In 2016, libraries in Henning, Minnesota and Longwood, Florida removed This One Summer from their shelves after parents complained of the book's use of profanity and mature themes. After the incident in Florida in February, Mariko Tamaki said that the book is "listed as being for readers ranging 12–18," and "contains depictions of young people talking about, and dealing with, adult things." However, she stated that she thinks it is an important book for young people. The removals from libraries have been challenged by the National Coalition Against Censorship. The Comic Book Legal Defense Fund also challenged its removal in a K–12 library in Henning, Minnesota but restored the book in the library for students with parental permission in grades 10–12.

In response to the criticism, author Mariko Tamaki stated, '"[T]here are people who are uncomfortable with any discussion of sexuality, who see this as inappropriate, maybe, for any age of young reader," she said. "But really what expelling these books does is erase queer experiences, queer lives."' Another reviewer Meryl Jaffe identifies the issues regarding the profanity or sexuality within the novel but states they are appropriately developed and represent an accurate depiction of young teen life.

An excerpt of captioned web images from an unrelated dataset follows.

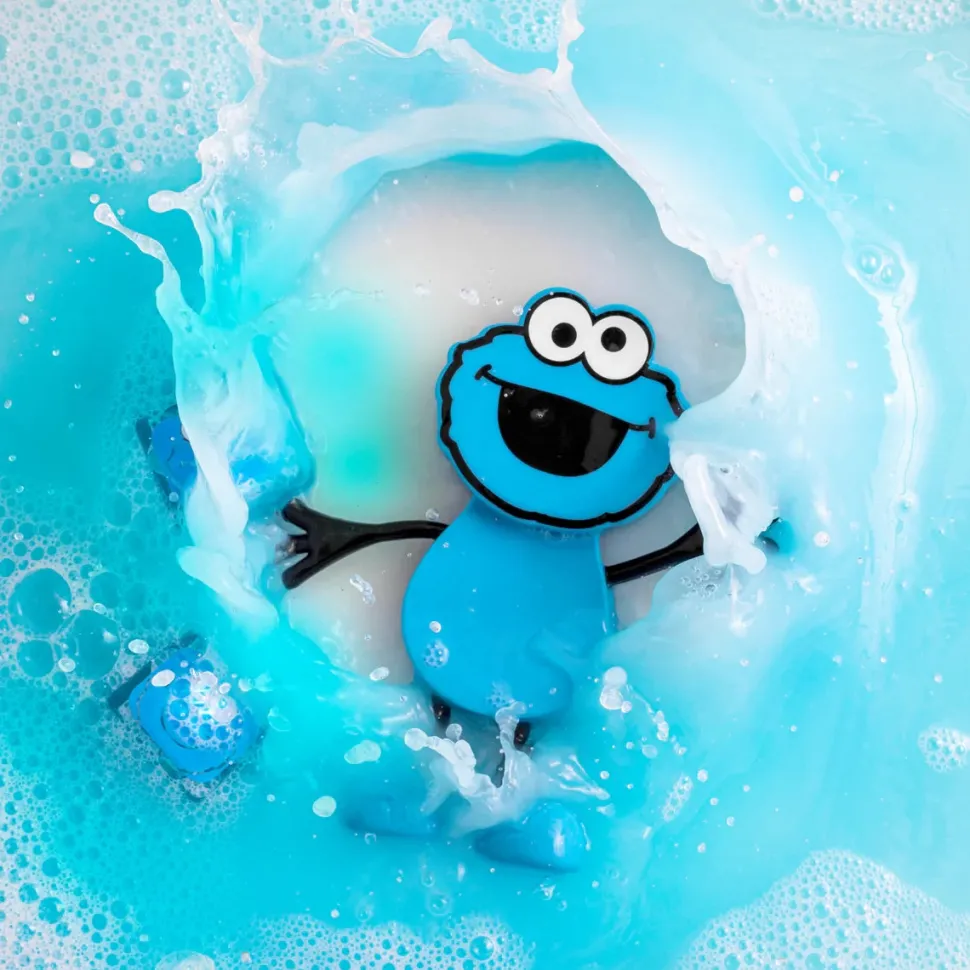 Glo Pals Light Up Sensory Bath Toy - Cookie Monster
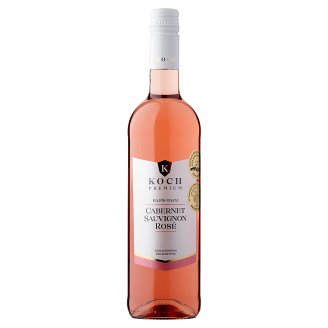 Koch Premium Hajós-Bajai Cabernet Sauvignon Rosé száraz rosébor 12,5% 0,75 l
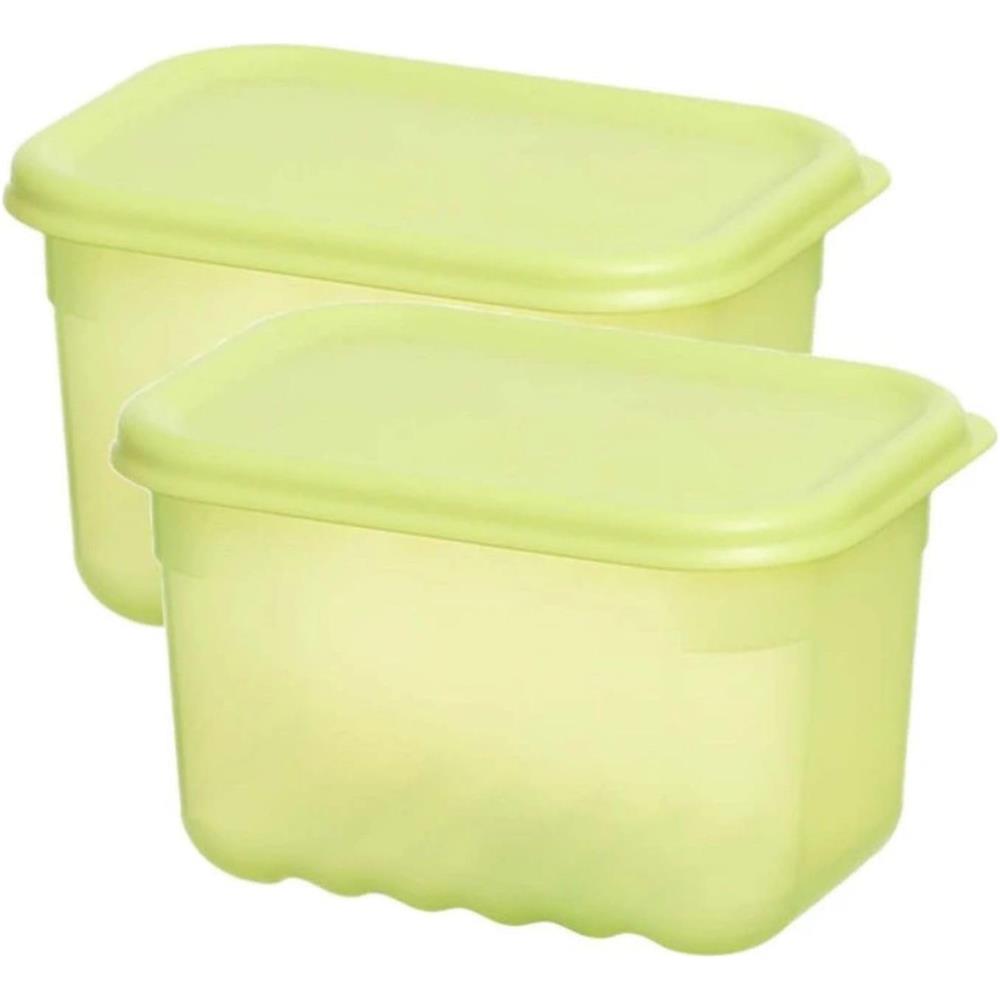 LocknLock Fresh Block 640 ml, 2-teilig, für Obst & Gemüse, BPA-frei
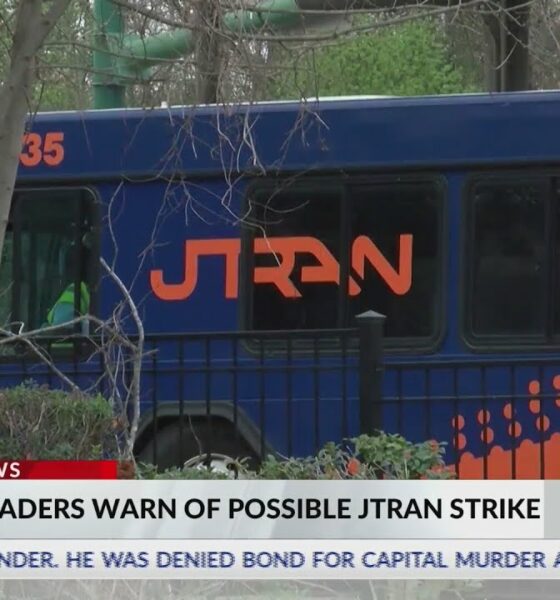 Jackson leaders warn of possible JTRAN strike on Friday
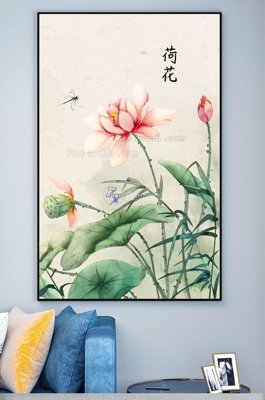 Download file gốc File tranh hiện đại pha lê gương KF100348 (in mica) logo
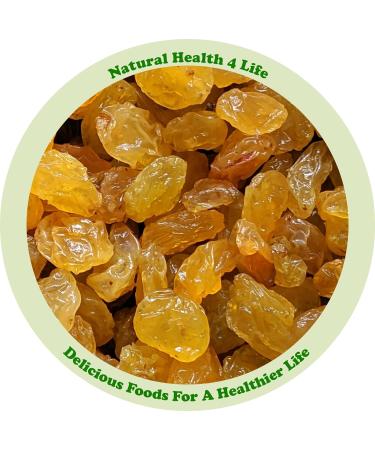 Natural Health 4 Life Golden Raisins 1kg - Buy Online on GoSupps.com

In 2022, This One Summer was listed among 52 books banned by the Alpine School District following the implementation of Utah law H.B. 374, "Sensitive Materials In Schools." Forty-two percent of removed books "feature LBGTQ+ characters and or themes." Many of the books were removed because they were considered to contain pornographic material according to the new law, which defines porn using the following criteria:
- "The average person" would find that the material, on the whole, "appeals to prurient interest in sex"
- The material "is patently offensive in the description or depiction of nudity, sexual conduct, sexual excitement, sadomasochistic abuse, or excretion"
- The material, on the whole, "does not have serious literary, artistic, political or scientific value."

== Awards ==
This One Summer won the 2015 Eisner Award for Best New Graphic Novel and the 2014 Ignatz Award for Outstanding Graphic Novel. It also won both a Printz Honor and a Caldecott Honor in 2015, making it the first graphic novel to be honored by a Caldecott committee and the second to receive the prestigious Printz Honor. Again in 2015, Tamaki also received the Lynd Ward Prize and became the first female to receive such an award from the Penn State Center for the Book. The illustrator of the novel, Jillian Tamaki, won the Governor General's Awards for both children's text and illustration and the novel was also nominated for the Eisner Award.